(Caption-style text data)
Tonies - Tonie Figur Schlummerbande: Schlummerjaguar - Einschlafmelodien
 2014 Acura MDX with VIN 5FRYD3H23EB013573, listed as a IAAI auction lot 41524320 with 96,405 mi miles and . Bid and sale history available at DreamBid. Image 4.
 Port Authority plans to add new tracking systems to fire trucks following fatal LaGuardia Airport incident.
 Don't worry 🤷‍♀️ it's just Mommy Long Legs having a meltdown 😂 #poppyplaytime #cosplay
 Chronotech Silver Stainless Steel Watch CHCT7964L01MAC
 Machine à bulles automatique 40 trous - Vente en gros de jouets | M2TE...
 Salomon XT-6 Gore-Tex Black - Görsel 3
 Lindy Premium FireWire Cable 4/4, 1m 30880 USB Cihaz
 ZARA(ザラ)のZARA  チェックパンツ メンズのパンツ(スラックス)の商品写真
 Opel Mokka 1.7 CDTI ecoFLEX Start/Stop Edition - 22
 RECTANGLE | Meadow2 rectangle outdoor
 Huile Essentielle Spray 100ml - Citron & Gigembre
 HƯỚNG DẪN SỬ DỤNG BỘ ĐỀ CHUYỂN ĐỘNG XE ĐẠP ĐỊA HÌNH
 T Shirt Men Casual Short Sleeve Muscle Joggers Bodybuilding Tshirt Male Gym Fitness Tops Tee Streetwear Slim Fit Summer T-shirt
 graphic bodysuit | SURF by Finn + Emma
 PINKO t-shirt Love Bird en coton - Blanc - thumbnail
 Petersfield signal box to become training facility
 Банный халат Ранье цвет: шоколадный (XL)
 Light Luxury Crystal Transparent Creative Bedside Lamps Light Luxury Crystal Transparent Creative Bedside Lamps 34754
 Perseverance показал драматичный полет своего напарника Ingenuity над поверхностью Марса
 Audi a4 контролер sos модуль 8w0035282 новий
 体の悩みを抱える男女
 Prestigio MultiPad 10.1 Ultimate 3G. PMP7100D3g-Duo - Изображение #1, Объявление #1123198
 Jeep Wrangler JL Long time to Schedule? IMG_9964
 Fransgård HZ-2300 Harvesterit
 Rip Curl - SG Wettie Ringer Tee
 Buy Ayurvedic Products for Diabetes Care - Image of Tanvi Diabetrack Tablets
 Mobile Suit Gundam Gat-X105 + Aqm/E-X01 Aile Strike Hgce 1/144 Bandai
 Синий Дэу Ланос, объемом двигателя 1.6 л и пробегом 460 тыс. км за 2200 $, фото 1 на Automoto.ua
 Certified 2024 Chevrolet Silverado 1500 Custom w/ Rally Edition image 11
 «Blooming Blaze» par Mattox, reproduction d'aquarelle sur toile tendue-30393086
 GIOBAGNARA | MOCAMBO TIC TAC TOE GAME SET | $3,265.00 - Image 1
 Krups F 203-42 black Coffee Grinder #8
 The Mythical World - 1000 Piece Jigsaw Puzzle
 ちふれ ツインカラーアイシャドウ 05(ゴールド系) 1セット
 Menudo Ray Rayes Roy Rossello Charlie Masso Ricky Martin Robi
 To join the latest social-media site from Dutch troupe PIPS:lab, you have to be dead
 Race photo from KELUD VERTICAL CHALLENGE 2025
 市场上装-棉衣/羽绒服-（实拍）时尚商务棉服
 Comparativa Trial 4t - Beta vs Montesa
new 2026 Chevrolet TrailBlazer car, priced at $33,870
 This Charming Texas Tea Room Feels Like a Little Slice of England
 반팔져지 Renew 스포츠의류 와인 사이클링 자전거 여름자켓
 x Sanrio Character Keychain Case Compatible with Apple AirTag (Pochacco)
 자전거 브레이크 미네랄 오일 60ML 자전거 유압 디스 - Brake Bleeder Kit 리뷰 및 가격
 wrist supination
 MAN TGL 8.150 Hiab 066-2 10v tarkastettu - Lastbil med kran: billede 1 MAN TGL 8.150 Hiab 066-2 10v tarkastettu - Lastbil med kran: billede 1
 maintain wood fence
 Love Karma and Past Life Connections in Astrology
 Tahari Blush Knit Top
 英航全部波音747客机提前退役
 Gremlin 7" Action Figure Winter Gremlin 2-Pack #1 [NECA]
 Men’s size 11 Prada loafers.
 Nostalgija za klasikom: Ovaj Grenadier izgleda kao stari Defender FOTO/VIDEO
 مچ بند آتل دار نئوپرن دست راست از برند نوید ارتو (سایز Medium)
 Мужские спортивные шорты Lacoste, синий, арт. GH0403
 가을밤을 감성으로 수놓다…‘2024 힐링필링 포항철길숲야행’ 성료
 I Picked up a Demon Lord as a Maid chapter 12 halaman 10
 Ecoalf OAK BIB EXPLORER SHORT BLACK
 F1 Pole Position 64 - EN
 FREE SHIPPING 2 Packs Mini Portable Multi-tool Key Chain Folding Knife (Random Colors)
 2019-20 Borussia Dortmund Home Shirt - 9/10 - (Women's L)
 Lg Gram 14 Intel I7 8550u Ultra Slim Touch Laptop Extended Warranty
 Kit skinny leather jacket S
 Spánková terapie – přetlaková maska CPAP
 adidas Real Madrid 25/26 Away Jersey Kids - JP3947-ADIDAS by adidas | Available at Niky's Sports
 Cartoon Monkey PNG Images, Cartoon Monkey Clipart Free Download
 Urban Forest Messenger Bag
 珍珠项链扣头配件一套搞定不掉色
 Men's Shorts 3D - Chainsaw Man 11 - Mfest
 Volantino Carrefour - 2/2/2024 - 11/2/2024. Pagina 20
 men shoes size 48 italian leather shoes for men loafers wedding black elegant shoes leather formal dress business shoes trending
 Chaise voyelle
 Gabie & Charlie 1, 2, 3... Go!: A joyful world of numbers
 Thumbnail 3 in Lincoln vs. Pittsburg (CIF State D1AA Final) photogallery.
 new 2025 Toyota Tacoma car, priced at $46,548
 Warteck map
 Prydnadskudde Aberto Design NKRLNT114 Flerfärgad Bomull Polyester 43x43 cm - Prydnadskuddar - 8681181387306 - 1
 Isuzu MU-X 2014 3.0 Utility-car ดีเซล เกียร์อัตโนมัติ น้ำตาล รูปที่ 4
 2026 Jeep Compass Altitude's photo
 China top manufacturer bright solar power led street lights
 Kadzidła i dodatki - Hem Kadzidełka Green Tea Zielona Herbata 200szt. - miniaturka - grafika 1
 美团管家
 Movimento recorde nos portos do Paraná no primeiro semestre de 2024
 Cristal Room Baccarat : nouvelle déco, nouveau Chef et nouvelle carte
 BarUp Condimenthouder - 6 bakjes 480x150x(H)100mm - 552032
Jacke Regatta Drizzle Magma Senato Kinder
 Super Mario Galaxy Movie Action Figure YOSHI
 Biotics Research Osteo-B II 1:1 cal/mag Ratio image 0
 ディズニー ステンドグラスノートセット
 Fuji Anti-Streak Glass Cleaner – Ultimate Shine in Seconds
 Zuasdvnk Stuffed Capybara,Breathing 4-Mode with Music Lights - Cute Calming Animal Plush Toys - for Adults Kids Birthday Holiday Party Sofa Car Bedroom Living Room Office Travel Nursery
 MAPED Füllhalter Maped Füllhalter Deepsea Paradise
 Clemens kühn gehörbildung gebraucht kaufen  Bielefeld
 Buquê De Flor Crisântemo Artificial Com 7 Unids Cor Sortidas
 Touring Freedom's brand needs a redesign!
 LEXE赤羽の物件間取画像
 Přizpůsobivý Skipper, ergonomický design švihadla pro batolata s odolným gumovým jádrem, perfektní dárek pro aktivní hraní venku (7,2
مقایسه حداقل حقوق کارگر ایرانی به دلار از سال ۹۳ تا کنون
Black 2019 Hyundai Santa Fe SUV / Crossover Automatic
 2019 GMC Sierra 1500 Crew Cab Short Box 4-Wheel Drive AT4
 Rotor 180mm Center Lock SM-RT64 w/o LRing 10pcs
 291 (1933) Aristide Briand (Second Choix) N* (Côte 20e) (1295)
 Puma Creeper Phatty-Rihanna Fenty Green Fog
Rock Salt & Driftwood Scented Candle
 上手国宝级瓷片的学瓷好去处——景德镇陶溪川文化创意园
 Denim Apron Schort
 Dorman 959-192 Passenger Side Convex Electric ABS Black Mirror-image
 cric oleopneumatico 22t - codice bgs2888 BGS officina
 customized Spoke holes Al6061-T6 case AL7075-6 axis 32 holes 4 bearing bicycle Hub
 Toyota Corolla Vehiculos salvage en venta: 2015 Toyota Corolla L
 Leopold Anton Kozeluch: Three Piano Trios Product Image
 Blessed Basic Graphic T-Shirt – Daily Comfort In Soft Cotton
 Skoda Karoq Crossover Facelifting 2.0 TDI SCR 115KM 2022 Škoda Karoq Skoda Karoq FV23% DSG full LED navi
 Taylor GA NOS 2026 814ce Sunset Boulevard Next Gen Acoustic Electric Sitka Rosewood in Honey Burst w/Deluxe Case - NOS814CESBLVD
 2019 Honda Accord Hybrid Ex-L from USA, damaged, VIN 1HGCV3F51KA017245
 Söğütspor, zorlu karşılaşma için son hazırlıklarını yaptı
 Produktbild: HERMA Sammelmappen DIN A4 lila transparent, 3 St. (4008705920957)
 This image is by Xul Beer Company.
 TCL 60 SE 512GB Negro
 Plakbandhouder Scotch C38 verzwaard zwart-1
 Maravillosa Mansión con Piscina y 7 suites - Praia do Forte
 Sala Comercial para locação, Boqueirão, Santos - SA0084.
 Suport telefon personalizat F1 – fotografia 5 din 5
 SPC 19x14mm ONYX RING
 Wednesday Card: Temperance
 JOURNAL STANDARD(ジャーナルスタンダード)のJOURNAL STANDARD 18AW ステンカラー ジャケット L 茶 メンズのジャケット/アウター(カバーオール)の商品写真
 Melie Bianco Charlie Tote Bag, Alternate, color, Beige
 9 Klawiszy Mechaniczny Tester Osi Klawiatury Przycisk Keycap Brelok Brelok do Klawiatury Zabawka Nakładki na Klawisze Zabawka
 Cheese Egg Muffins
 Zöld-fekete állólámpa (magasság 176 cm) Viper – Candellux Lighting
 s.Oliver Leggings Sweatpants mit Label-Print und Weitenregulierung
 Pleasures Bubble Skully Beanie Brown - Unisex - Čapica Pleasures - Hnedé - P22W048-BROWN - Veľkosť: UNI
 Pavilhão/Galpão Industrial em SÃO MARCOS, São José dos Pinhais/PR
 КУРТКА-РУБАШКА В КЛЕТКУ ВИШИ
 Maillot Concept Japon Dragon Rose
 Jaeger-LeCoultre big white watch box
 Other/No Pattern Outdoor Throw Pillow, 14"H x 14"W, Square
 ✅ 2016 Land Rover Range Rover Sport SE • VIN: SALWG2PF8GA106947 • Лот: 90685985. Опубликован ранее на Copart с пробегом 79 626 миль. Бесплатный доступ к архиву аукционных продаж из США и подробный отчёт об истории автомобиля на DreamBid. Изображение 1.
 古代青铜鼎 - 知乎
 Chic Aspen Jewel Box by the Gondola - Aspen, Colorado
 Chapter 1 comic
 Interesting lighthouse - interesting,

# [TASK GOAL]
When you reach the line that contains "PINKO t-shirt Love", stop; that line and every line before it, from the very first line of the data, should be restated word for word.

# [SOLUTION TO THE PROBLEM]
Tonies - Tonie Figur Schlummerbande: Schlummerjaguar - Einschlafmelodien
 2014 Acura MDX with VIN 5FRYD3H23EB013573, listed as a IAAI auction lot 41524320 with 96,405 mi miles and . Bid and sale history available at DreamBid. Image 4.
 Port Authority plans to add new tracking systems to fire trucks following fatal LaGuardia Airport incident.
 Don't worry 🤷‍♀️ it's just Mommy Long Legs having a meltdown 😂 #poppyplaytime #cosplay
 Chronotech Silver Stainless Steel Watch CHCT7964L01MAC
 Machine à bulles automatique 40 trous - Vente en gros de jouets | M2TE...
 Salomon XT-6 Gore-Tex Black - Görsel 3
 Lindy Premium FireWire Cable 4/4, 1m 30880 USB Cihaz
 ZARA(ザラ)のZARA  チェックパンツ メンズのパンツ(スラックス)の商品写真
 Opel Mokka 1.7 CDTI ecoFLEX Start/Stop Edition - 22
 RECTANGLE | Meadow2 rectangle outdoor
 Huile Essentielle Spray 100ml - Citron & Gigembre
 HƯỚNG DẪN SỬ DỤNG BỘ ĐỀ CHUYỂN ĐỘNG XE ĐẠP ĐỊA HÌNH
 T Shirt Men Casual Short Sleeve Muscle Joggers Bodybuilding Tshirt Male Gym Fitness Tops Tee Streetwear Slim Fit Summer T-shirt
 graphic bodysuit | SURF by Finn + Emma
 PINKO t-shirt Love Bird en coton - Blanc - thumbnail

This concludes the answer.